Task description: Report, as a number alone, how many lines below contain the string "acid".

--------

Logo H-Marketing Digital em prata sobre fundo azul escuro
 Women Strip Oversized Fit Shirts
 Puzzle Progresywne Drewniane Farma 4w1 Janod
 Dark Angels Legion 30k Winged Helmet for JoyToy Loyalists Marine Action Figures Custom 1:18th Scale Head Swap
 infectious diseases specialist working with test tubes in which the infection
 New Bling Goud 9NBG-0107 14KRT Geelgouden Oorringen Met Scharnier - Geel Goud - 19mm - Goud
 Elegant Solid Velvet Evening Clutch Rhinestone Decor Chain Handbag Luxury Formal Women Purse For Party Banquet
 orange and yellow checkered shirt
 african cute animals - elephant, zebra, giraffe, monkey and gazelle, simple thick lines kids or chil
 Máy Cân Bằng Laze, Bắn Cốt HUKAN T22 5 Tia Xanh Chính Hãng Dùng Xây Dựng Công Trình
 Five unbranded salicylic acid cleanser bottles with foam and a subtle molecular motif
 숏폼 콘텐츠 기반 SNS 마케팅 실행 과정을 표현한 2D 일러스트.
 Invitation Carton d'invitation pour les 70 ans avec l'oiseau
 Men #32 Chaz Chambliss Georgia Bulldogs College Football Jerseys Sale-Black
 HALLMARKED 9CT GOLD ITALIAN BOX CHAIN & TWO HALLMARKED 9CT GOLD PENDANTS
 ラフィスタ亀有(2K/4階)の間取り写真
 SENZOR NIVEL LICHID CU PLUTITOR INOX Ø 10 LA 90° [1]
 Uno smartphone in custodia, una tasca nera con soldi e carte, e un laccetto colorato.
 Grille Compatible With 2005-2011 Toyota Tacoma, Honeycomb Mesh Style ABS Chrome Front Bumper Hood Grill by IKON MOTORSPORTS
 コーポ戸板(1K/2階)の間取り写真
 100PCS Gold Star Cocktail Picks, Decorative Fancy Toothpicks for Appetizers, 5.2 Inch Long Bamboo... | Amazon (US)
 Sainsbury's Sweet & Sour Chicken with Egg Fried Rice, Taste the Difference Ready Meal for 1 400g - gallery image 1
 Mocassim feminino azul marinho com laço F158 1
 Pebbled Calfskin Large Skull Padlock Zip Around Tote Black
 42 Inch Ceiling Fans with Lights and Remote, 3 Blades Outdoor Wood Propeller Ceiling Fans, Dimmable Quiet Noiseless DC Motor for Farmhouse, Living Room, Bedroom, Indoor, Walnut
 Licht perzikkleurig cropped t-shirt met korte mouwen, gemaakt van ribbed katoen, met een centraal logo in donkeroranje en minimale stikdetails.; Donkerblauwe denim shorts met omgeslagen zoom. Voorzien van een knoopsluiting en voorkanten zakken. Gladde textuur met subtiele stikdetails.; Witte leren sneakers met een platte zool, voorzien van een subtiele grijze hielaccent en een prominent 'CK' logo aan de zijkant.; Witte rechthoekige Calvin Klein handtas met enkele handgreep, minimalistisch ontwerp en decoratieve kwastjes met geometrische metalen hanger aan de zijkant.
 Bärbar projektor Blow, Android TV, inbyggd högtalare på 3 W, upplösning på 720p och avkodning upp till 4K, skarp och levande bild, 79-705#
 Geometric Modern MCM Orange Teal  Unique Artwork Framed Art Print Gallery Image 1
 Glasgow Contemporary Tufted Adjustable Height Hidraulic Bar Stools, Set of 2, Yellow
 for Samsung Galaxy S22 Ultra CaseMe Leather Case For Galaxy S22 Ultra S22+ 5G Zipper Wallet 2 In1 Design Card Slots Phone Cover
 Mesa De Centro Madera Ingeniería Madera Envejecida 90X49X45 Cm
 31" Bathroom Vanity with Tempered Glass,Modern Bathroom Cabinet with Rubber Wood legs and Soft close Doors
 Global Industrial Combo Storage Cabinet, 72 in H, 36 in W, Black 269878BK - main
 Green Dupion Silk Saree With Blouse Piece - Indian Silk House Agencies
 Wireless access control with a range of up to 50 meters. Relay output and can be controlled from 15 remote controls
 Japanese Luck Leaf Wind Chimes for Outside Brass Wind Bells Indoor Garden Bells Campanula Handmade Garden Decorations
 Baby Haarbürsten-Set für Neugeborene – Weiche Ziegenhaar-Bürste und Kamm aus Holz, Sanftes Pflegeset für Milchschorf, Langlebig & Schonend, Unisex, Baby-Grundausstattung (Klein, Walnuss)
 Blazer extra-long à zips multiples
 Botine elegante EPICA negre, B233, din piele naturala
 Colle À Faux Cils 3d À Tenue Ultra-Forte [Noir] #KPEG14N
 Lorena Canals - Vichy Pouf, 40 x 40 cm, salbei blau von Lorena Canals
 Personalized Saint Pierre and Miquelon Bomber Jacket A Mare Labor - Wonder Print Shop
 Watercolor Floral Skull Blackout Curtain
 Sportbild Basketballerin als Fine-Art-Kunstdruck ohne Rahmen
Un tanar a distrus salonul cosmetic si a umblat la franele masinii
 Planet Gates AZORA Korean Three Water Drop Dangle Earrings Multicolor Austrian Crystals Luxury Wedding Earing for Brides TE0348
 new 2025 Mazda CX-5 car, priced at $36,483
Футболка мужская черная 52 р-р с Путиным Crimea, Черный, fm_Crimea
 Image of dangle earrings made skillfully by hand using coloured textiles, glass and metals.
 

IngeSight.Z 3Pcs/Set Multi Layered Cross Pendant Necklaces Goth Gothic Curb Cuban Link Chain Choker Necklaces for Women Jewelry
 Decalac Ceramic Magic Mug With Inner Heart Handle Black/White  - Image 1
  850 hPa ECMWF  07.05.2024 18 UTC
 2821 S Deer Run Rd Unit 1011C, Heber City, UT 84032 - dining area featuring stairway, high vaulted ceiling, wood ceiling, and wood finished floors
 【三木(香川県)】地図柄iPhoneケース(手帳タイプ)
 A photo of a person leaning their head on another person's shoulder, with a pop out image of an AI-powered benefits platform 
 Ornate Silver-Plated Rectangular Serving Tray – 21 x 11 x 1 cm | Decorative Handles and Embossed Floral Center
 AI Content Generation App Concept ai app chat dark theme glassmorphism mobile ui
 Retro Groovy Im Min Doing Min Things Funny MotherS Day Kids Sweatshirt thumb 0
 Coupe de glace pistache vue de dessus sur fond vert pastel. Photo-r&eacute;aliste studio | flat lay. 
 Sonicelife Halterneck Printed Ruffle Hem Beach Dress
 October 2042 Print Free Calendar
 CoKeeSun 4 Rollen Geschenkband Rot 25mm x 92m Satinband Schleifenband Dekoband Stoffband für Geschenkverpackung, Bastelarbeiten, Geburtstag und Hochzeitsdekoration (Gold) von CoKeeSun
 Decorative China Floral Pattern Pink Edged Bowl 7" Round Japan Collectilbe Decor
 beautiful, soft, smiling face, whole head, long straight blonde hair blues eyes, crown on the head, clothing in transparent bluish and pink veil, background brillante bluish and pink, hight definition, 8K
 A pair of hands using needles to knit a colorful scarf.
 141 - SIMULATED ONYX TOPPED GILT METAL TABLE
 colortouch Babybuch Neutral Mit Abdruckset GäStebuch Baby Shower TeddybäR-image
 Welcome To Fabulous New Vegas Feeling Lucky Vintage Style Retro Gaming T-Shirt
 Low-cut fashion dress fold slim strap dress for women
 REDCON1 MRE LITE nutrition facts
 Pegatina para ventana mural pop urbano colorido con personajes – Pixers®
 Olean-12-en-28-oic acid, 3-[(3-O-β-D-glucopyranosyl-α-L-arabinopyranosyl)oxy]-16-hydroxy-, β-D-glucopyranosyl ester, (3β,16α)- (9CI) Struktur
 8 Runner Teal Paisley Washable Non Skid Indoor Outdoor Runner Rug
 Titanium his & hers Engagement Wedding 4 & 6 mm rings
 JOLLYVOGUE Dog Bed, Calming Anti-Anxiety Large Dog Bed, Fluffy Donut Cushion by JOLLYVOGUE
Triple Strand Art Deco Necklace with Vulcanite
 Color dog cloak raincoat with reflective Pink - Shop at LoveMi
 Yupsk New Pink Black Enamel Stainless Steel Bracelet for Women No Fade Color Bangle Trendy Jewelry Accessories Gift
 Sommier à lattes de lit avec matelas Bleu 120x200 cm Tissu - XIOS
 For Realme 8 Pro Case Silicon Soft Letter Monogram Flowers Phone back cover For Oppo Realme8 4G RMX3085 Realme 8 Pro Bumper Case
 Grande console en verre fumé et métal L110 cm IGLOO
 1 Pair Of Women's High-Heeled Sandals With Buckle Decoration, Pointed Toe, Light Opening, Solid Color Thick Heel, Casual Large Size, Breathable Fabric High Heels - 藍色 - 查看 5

--------

Task solution: 2